In this post, I'll be using Intel/Altera Quartus for synthesis (since I have access to an Altera prototype board and Quartus). If anyone wishes to donate a Zynq prototype board, I'd be happy to report the results from Xilinx Vivado as well.
There are two things that we care about when it comes to implementation: speed and size. What's the maximum frequency at which the implementation operates? How many logic elements are required? How many registers?
Prerequisites
Synthesis tools are very good, by design, at eliminating unused logic. Any I/Os in our design that aren't connected will be optimized out of the design. Consequently, synthesizing the interconnect will only work under two conditions: if all the interconnect I/Os are connected to FPGA device I/Os, or if we build a design around the interconnect that utilizes the all the interconnect I/Os.
Given the number of I/Os the wishbone interconnect has, the second path is the most feasible.
We already have a synthesizable Wishbone target memory device from the verification environment. Now, we just need something to drive the master interfaces. Just to further explore Chisel, I created a Wishbone initiator using the LFSR Chisel module to randomize the address (to select the target device), read/write, and write data.
I connected up the LEDs to counters that toggle the LED every time the respective target device is accessed 16,384 times -- just for kicks, and because I like blinking lights...
Results
For comparison, I'll leave everything the same about the design except for the interconnect. Here are the relevant details:
Design | Registers | ALMs | Fmax |
---|---|---|---|
Hand-coded | 264 | 239 | 160.64 |
Chisel | 227 | 275 | 201.37 |
So, Chisel uses:
- 14% more ALMs than the hand-coded RTL
- 14% fewer registers than the hand-coded RTL
So, it's a bit of a wash in terms of size.
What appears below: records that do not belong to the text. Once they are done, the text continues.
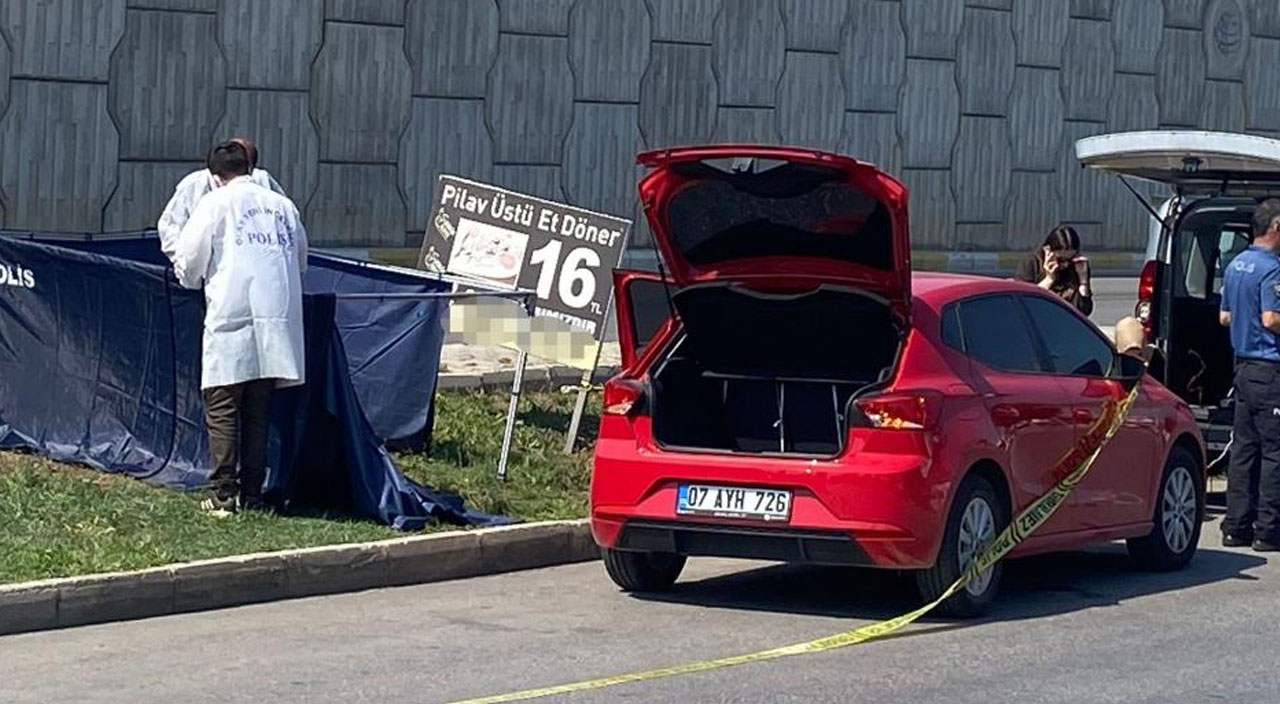 Antalya şüpheli olay: Genç adam arabasında ölü bulundu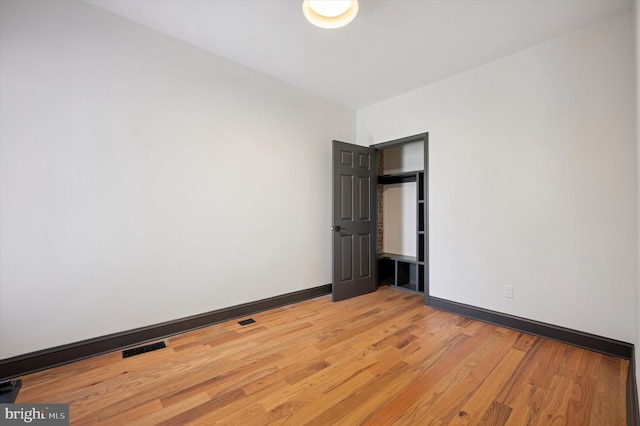 2931 W Susquehanna Ave, Philadelphia, PA 19121 - unfurnished room featuring light wood finished floors, baseboards, and visible vents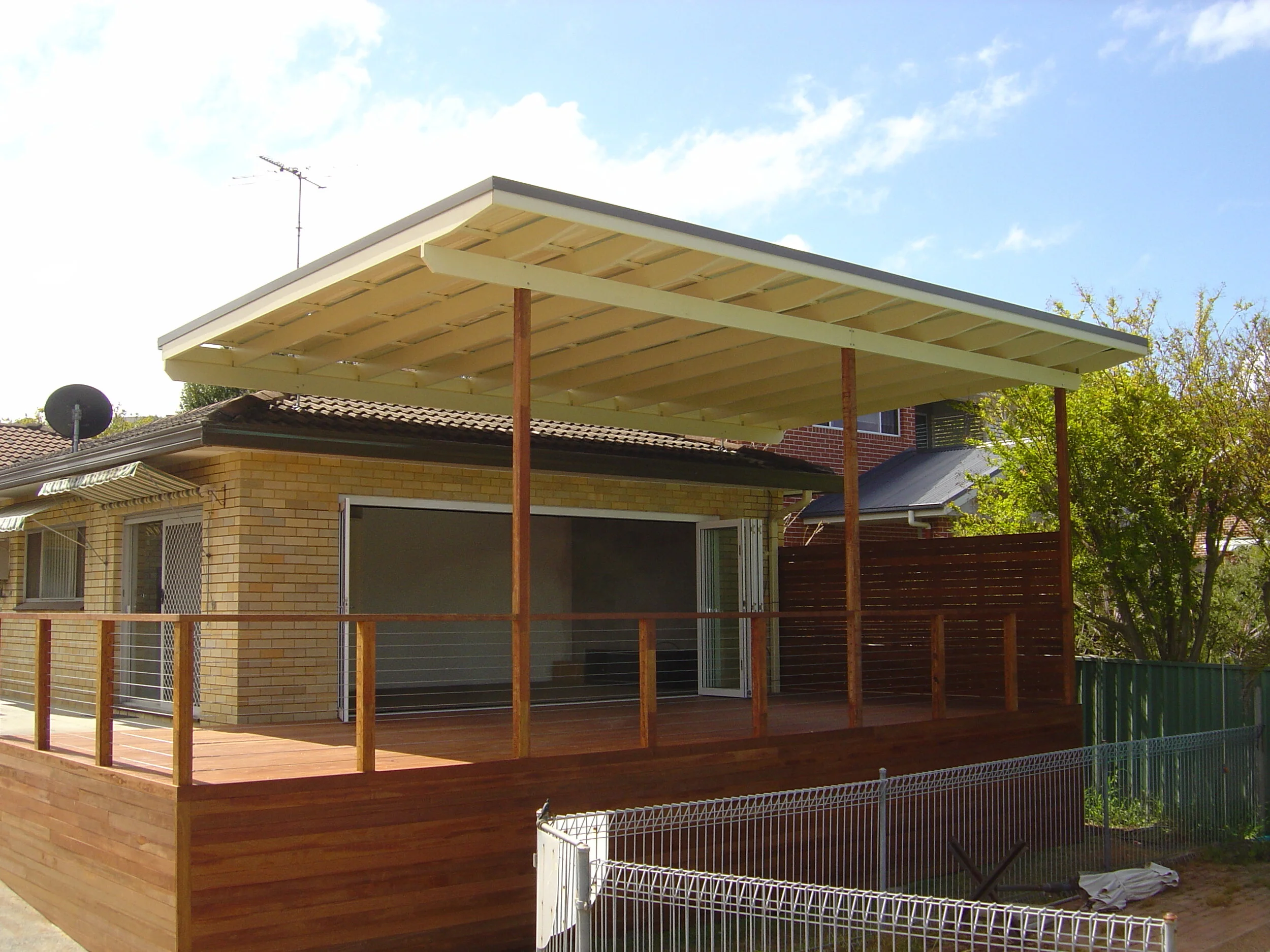 © Diamond Decks & Patios 2020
The performance difference is fairly significant, though: the Chisel design is 25% faster than the hand-coded RTL. So, the (slightly) higher-level description certainly doesn't hurt the results! Now, I'm sure I could achieve the same results with the hand-coded description that the Chisel description achieved. I'm still a bit surprised, though, that the Chisel description achieved better results out the box with a less-than-expert user. So, definitely a promising conclusion to my initial Chisel exploration!
Now, just for fun, here is the design running on the Cylone V prototype board.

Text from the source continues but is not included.